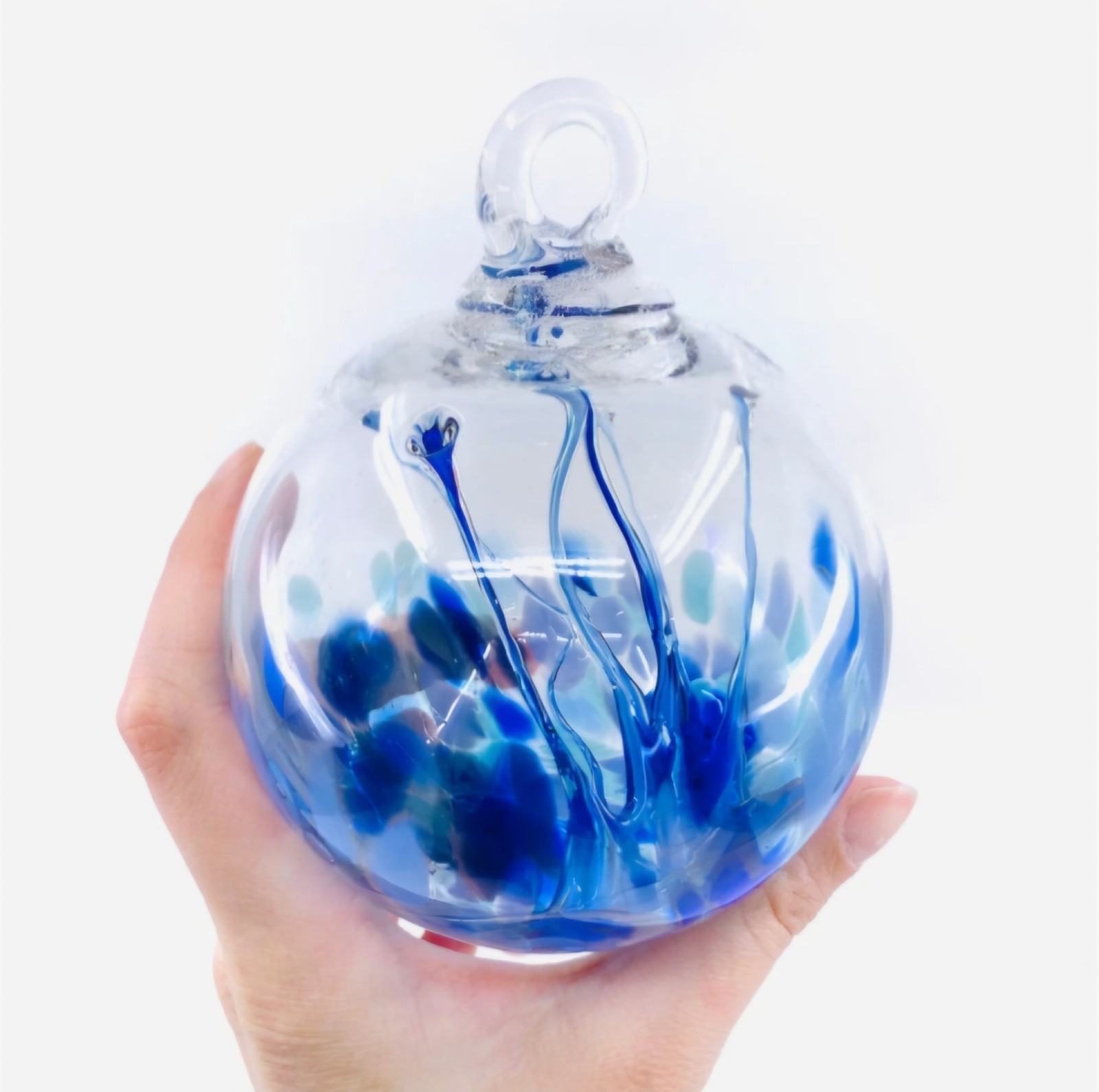 LUKE ADAMS LARGE BLUE RAINDROP TREE OF LIFE GLASS ORNAMENT‼️FREE SAME DAY SHIP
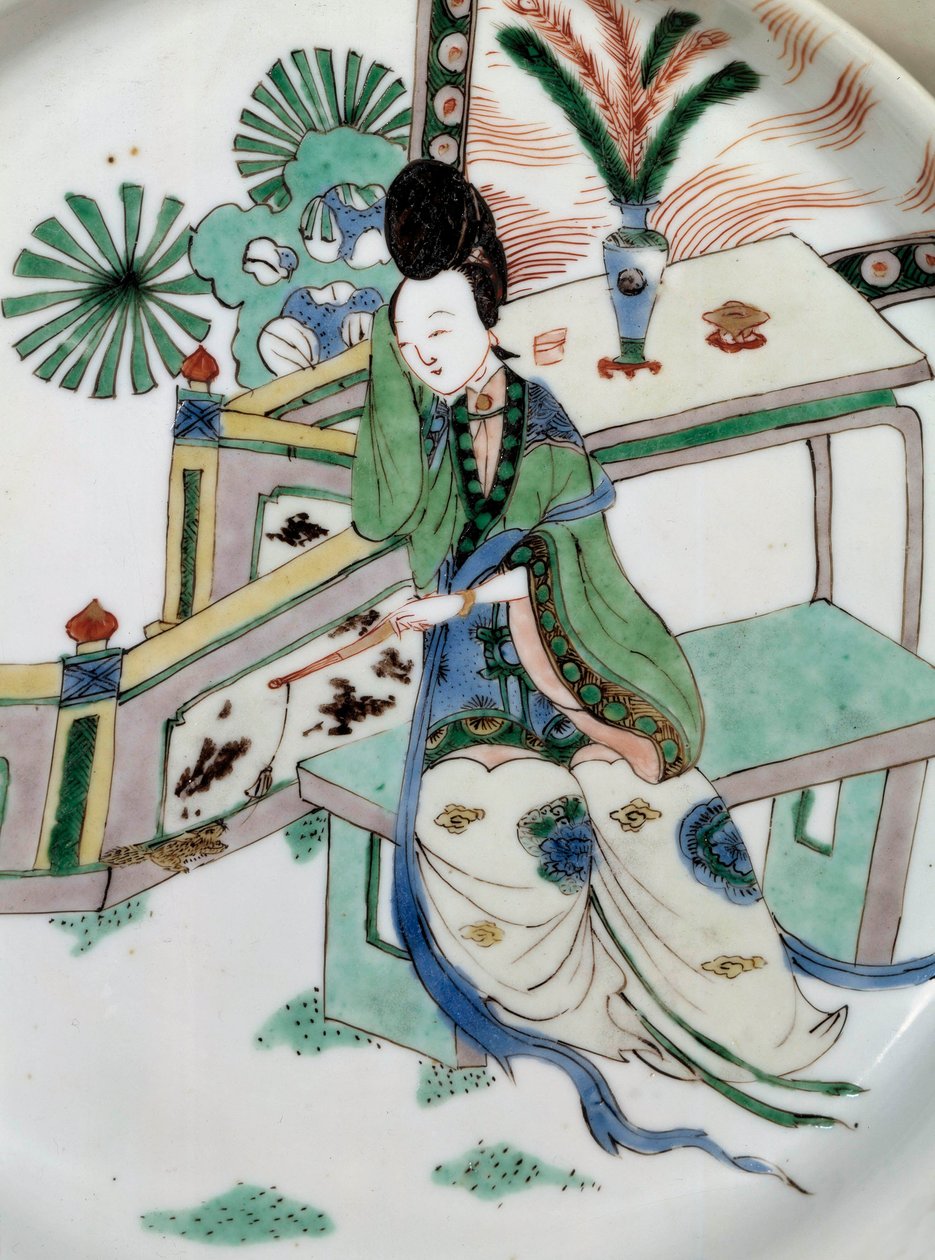 Arte chinesa: a dama se rebobina em um banco. Pintura em porcelana do século XVIII. Paris, Museu Guimet, Museu Nacional de Arte Asiática de School Chinese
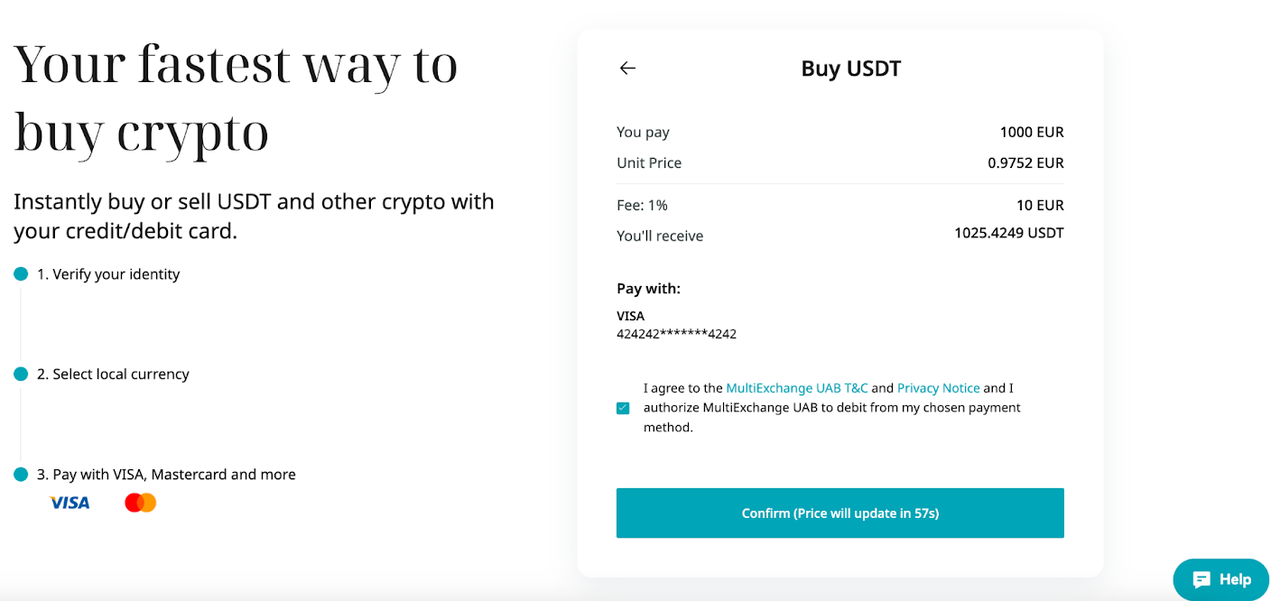 How to Buy USDT with Credit Card on Bitget image 5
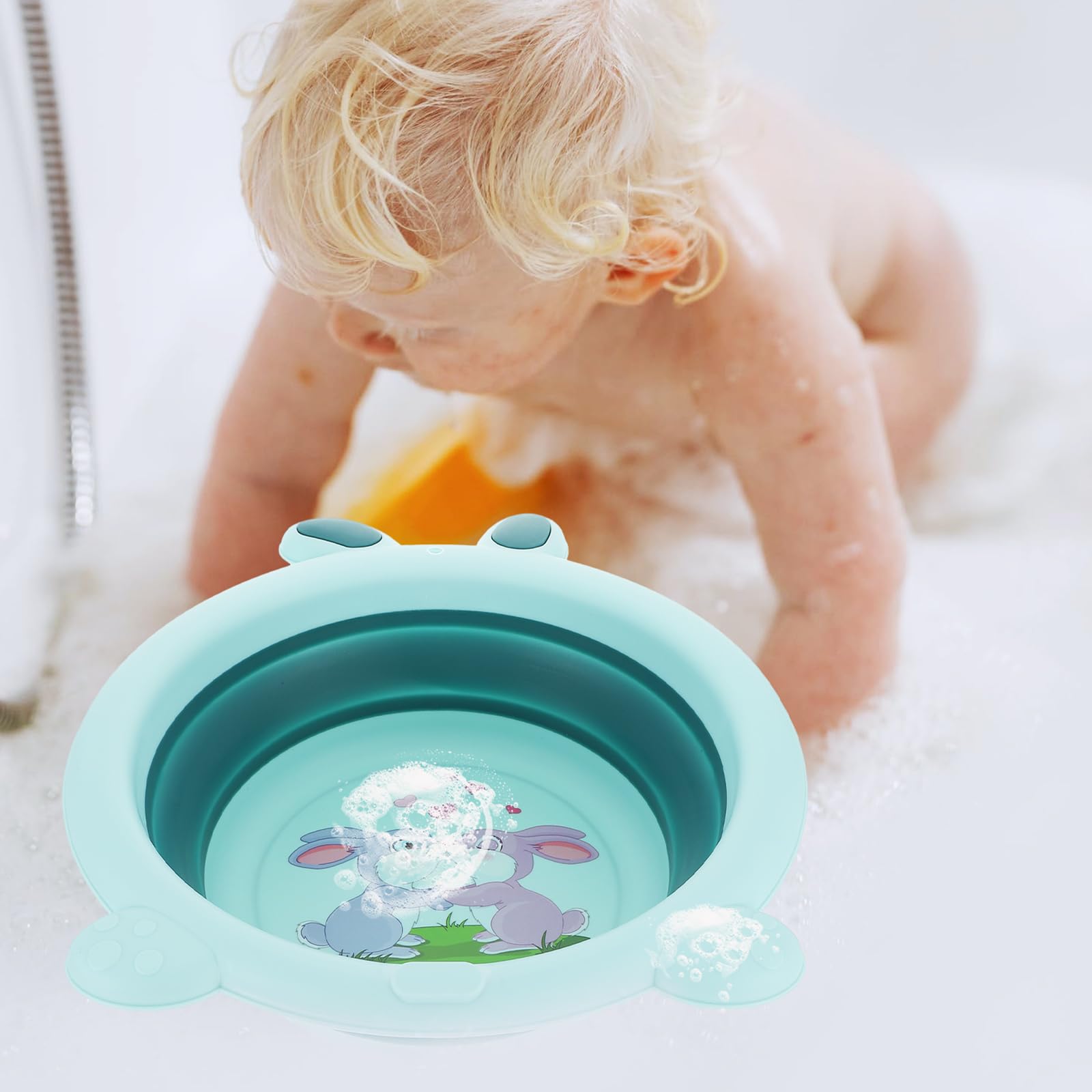 PRETYZOOM Zusammenklappbares Baby Waschbecken Tragbares Fußwaschbecken Kompaktes Babybecken Für Babypflege Und Reisen 13.39X12.20X3.94 Zoll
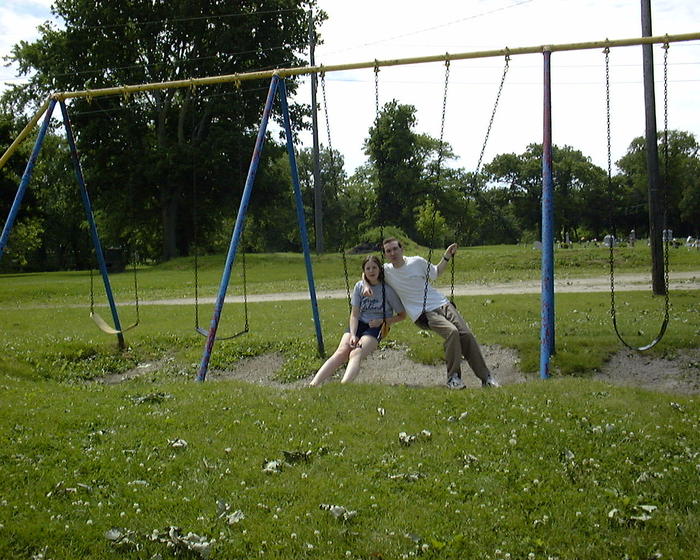 June 2: Mike & Amanda on the swings (Illinois)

-- -- --

▶ _Task objective_:
Could you transcribe exactly the lines running from the one with "Arte chinesa: a" to the final line of the material above, both included, with no pictures?

▶ _Response_:
 Arte chinesa: a dama se rebobina em um banco. Pintura em porcelana do século XVIII. Paris, Museu Guimet, Museu Nacional de Arte Asiática de School Chinese
 How to Buy USDT with Credit Card on Bitget image 5
 PRETYZOOM Zusammenklappbares Baby Waschbecken Tragbares Fußwaschbecken Kompaktes Babybecken Für Babypflege Und Reisen 13.39X12.20X3.94 Zoll
 June 2: Mike & Amanda on the swings (Illinois)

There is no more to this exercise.